6. Il résulte de l'article 9 de l'accord franco-marocain du 9 octobre 1987 en matière de séjour et d'emploi que celui-ci renvoie, sur tous les points qu'il ne traite pas, à la législation nationale, en particulier aux dispositions pertinentes du code de l'entrée et du séjour des étrangers et du droit d'asile, pour autant qu'elles ne sont pas incompatibles avec les stipulations de l'accord. Les dispositions précitées des articles L. 412-1 et L. 421-5 du code de l'entrée et du séjour des étrangers et du droit d'asile sont applicables aux ressortissants marocains, en vertu de l'article 9 de l'accord franco-marocain précité, dès lors que cet accord ne contient pas de stipulations relatives aux titres de séjour délivrés pour l'exercice d'une activité d'entrepreneur. Il résulte en outre des dispositions de l'article L. 421-5 précité du code de l'entrée et du séjour des étrangers et du droit d'asile que la délivrance de la carte de séjour temporaire portant la mention " entrepreneur/ profession libérale " est subordonnée, notamment, à la justification par le demandeur d'une activité non salariée, économiquement viable et dont il tire des moyens d'existence suffisants, dans le respect de la législation en vigueur.

7. Il ressort des pièces du dossier que le préfet de la Vienne s'est notamment fondé, pour rejeter la demande de Mme B... tendant à la délivrance d'un titre de séjour portant la mention " entrepreneur-profession libérale ", sur le motif tiré de ce que l'intéressée ne justifiait pas d'un visa de long séjour. Si Mme B... fait valoir qu'elle a créé une micro-entreprise de commerce de détail alimentaire et qu'elle a effectué les formalités nécessaires pour enregistrer son activité, elle ne conteste pas être dépourvue du visa de long séjour exigé par les dispositions citées au point 5. En outre, les documents produits par Mme B..., à savoir les justificatifs des formalités effectuées pour enregistrer son activité auprès des finances publiques, de l'URSSAF et du greffe du tribunal de commerce de Poitiers, ne sont pas de nature à justifier que l'activité de son entreprise serait économiquement viable et qu'elle en tirerait des moyens d'existence suffisants. Par suite, Mme B... n'est pas fondée à soutenir que le préfet aurait commis une erreur de droit et une erreur d'appréciation dans l'application des dispositions de l'article L. 421-5 du code de l'entrée et du séjour des étrangers et du droit d'asile. Dans ces circonstances, et à supposer que la requérante ait entendu invoquer ce moyen, le refus de titre de séjour n'est pas davantage entaché d'une erreur manifeste dans l'appréciation de la situation personnelle de l'intéressée. Ainsi le préfet de la Vienne a pu légalement refuser de délivrer à Mme B... le titre de séjour sollicité pour les motifs tirés de l'absence de visa de long séjour et de l'absence d'éléments de nature à justifier de la viabilité économique de son activité.

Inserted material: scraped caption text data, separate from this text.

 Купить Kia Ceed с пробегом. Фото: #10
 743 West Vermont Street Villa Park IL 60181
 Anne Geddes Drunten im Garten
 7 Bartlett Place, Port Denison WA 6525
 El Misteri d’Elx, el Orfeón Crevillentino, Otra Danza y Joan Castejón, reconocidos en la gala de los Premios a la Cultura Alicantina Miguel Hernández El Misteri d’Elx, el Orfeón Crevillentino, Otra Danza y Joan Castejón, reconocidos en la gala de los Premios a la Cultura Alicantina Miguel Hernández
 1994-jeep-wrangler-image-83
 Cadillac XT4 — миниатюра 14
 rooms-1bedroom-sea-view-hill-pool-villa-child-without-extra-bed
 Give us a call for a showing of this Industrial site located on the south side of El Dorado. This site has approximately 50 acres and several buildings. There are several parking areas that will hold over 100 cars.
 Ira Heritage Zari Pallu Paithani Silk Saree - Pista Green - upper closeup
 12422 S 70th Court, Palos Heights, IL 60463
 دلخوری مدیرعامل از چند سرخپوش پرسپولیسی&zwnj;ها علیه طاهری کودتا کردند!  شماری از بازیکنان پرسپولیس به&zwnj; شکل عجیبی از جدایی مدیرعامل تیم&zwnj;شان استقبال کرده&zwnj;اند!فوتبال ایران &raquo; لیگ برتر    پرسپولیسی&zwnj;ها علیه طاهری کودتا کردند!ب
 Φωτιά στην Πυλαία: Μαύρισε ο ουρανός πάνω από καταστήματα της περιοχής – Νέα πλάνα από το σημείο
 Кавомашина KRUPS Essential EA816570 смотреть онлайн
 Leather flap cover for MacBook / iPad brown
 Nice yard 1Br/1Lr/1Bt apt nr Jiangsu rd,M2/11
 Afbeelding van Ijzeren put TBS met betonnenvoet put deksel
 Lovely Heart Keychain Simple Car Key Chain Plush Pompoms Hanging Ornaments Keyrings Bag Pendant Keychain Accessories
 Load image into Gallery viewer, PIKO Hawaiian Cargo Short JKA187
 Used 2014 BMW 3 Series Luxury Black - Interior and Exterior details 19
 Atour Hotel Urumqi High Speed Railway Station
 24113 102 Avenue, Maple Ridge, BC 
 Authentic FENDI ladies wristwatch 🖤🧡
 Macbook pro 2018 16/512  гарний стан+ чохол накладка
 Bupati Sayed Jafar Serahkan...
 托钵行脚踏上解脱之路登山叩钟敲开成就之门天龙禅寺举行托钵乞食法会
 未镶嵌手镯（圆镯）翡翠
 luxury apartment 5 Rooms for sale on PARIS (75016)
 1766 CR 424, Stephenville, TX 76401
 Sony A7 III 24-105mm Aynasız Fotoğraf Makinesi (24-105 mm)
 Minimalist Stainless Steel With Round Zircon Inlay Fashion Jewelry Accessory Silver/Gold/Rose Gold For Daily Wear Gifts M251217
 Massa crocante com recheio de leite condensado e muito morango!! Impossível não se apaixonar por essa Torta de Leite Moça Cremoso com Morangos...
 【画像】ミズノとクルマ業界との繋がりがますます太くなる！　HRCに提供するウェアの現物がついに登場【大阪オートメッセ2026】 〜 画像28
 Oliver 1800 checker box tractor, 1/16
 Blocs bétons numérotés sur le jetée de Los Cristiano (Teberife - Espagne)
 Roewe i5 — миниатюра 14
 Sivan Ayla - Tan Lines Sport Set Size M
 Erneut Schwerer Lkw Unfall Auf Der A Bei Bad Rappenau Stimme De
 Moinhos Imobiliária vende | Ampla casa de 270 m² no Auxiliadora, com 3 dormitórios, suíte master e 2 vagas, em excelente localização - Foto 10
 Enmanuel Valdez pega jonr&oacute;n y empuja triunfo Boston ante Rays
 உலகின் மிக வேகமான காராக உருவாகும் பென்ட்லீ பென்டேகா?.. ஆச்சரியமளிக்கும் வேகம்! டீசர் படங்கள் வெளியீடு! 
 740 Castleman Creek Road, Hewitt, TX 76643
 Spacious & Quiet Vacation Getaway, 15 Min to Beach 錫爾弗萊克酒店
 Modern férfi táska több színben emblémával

En ce qui concerne les décisions portant obligation de quitter le territoire français et fixant le pays de renvoi :

8. Il résulte de ce qui précède que Mme B... n'est pas fondée à exciper de l'illégalité de la décision portant refus de délivrer un titre de séjour à l'encontre des décisions portant obligation de quitter le territoire français et fixant le pays de renvoi. Elle n'est pas davantage fondée à invoquer l'illégalité de la décision portant obligation de quitter le territoire français à l'appui de ses conclusions en annulation de la décision fixant le pays de renvoi.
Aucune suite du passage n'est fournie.